◆ Work required
The listing below begins with the first line you should copy; stop after the line containing "81 High Country Lane Black Hawk CO 80422", and drop every picture.

◆ Material supplied

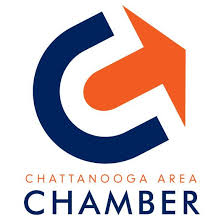 Chattanooga Area Chamber of  Commerce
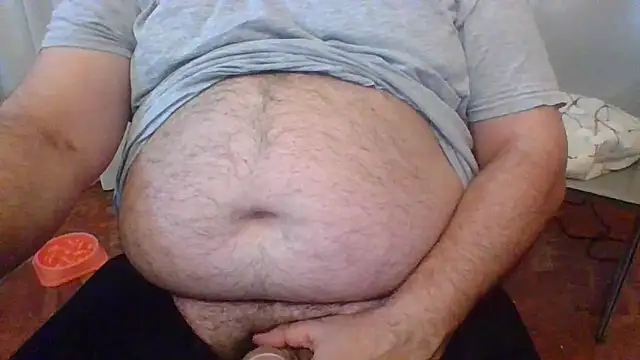 Snapshot of ANONIMO7735 chatting on September 25, 5:00 am ANONIMO7735 online show from September 25, 5:00 am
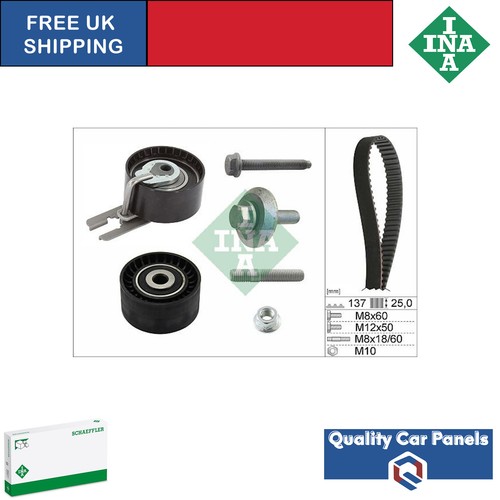 For mini clubman - for,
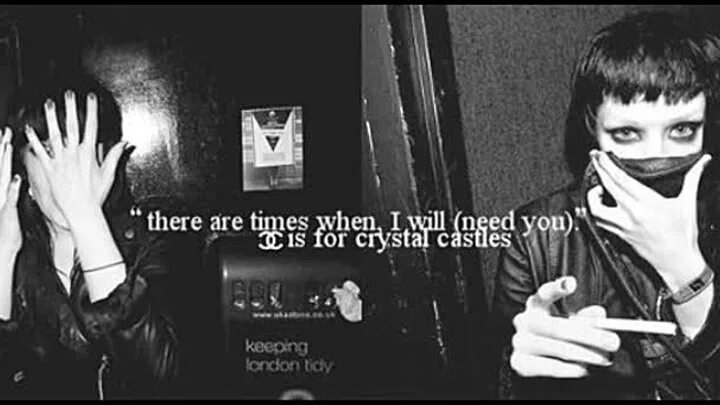 Crystal Castles Leni. Leni Crystal Castles обложка. Crystal Castles лени. Песня transgender crystal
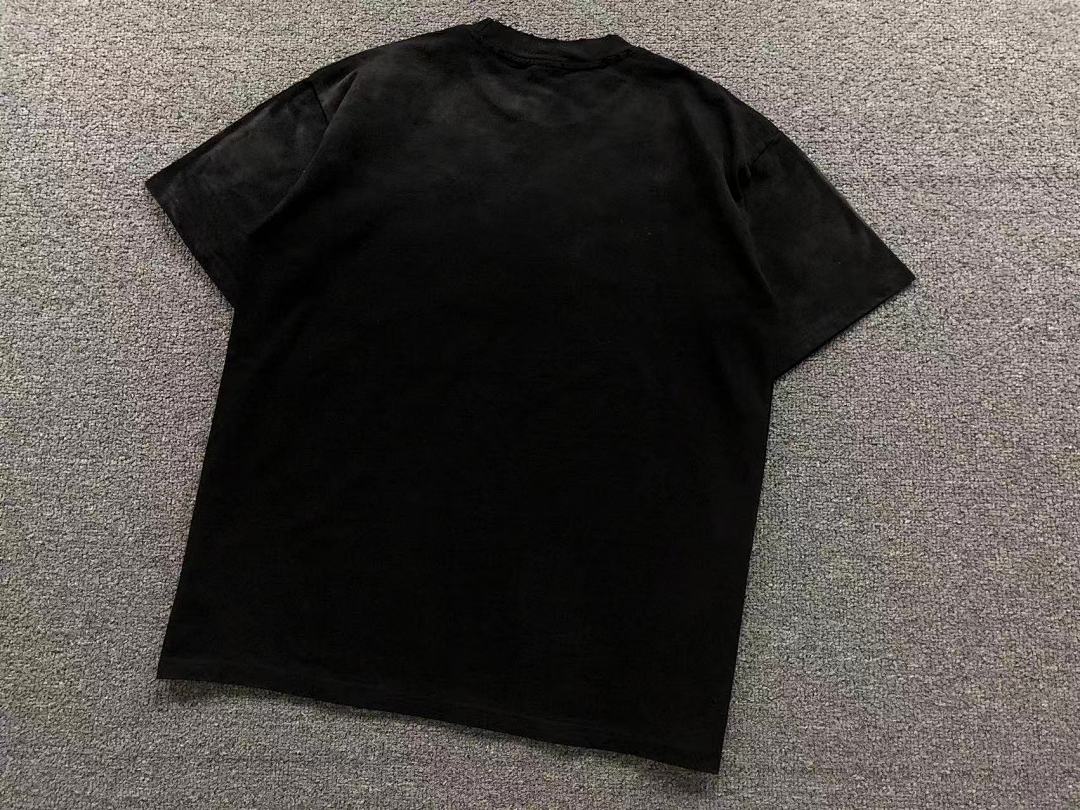 Unbranded 88 V⭐LL⭐Y T-SHIRT 12182696 (Im 170Cm 60Kg I Wear Size M In The Phot) - Image 16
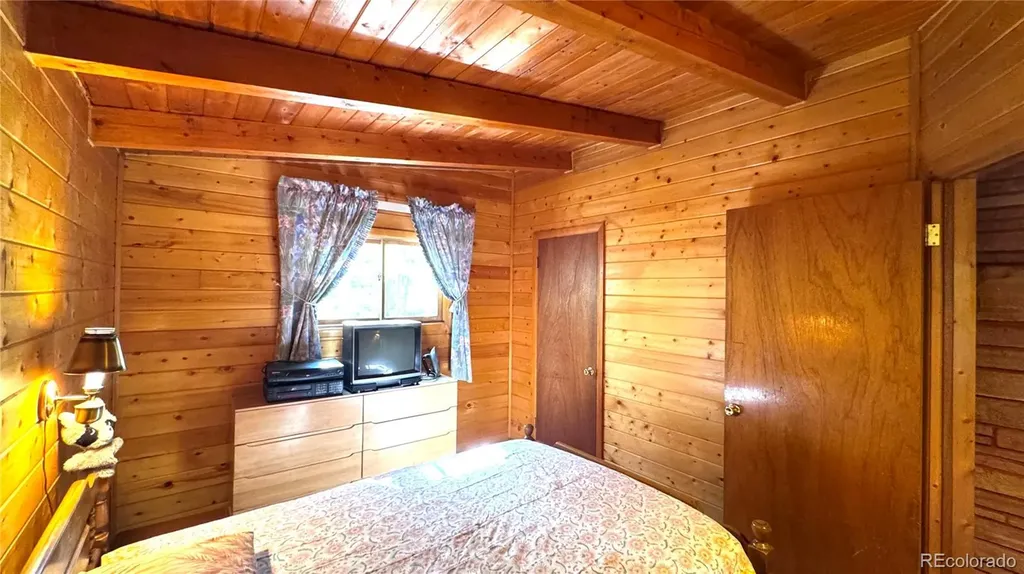 81 High Country Lane Black Hawk CO 80422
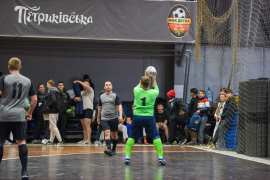 <a href="https://st.getinfootball.com/albums/1093631/67e11b8b6107b_1920.jpg" target="_blank">Завантажити оригінал</a>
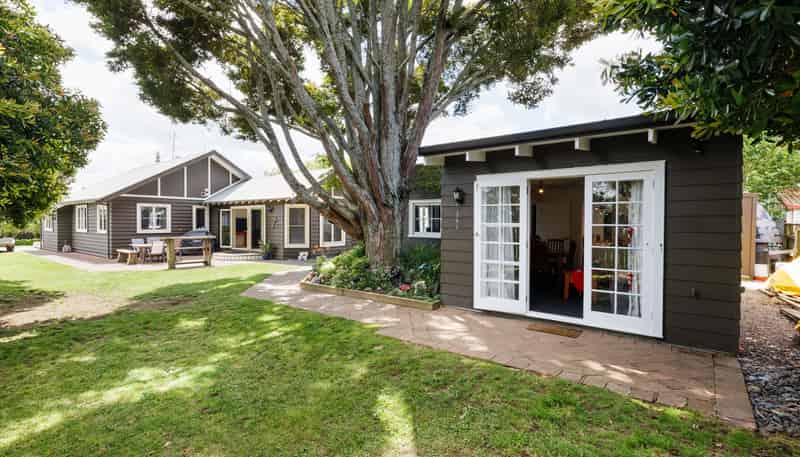 185 King Street, Cambridge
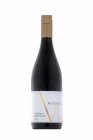 Cabernet Sauvignon 2019, zemské víno Cabernet Sauvignon 2019, zemské víno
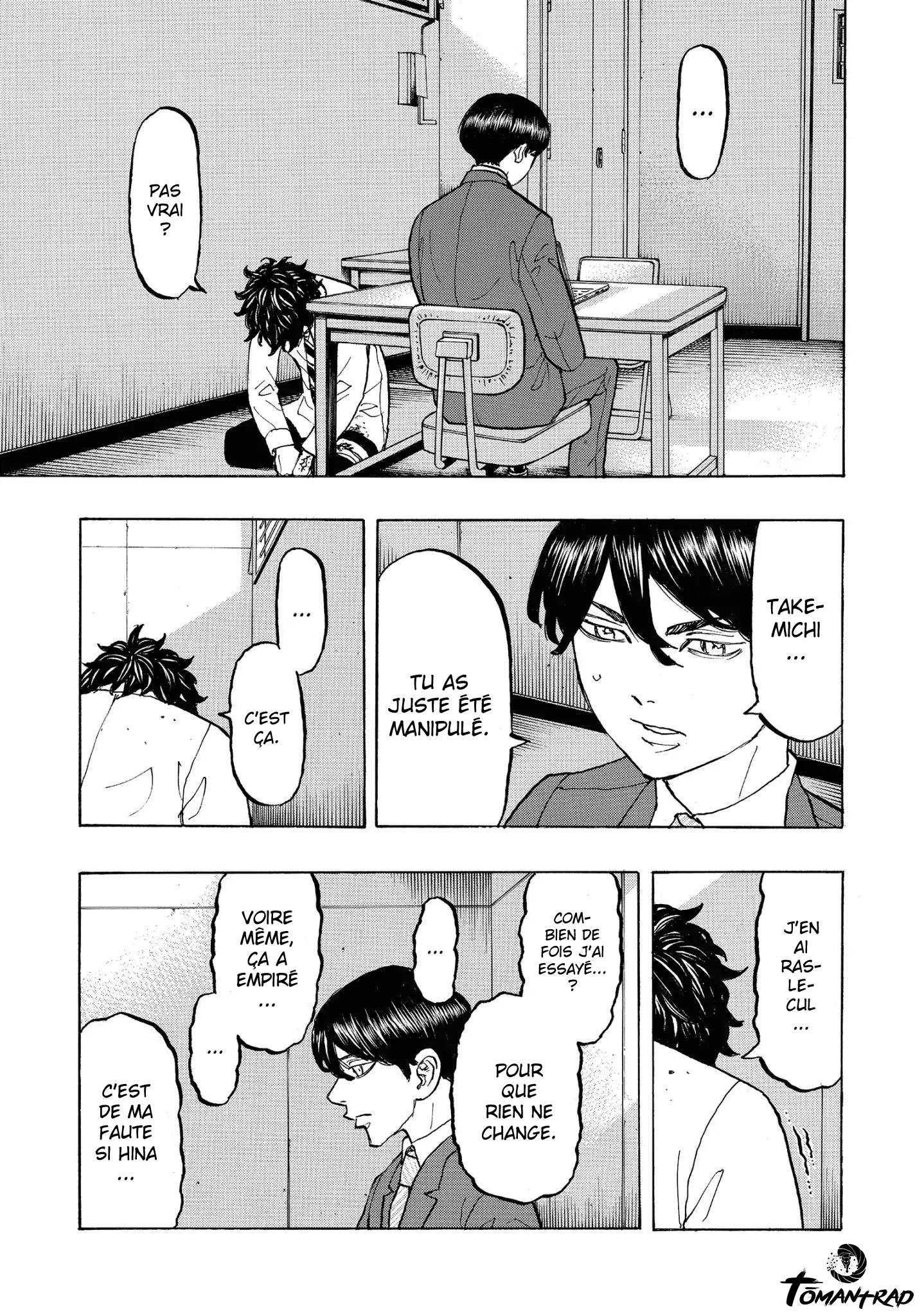 Chapter Image 445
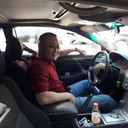  ,   , 53 ,   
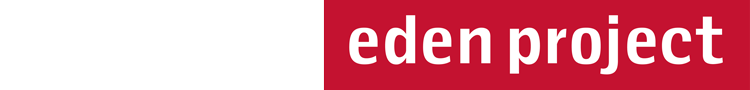 Endorseed-BY-Eden-Project-Logo.png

◆ Exercise result
 Chattanooga Area Chamber of  Commerce
 Snapshot of ANONIMO7735 chatting on September 25, 5:00 am ANONIMO7735 online show from September 25, 5:00 am
 For mini clubman - for,
 Crystal Castles Leni. Leni Crystal Castles обложка. Crystal Castles лени. Песня transgender crystal
 Unbranded 88 V⭐LL⭐Y T-SHIRT 12182696 (Im 170Cm 60Kg I Wear Size M In The Phot) - Image 16
 81 High Country Lane Black Hawk CO 80422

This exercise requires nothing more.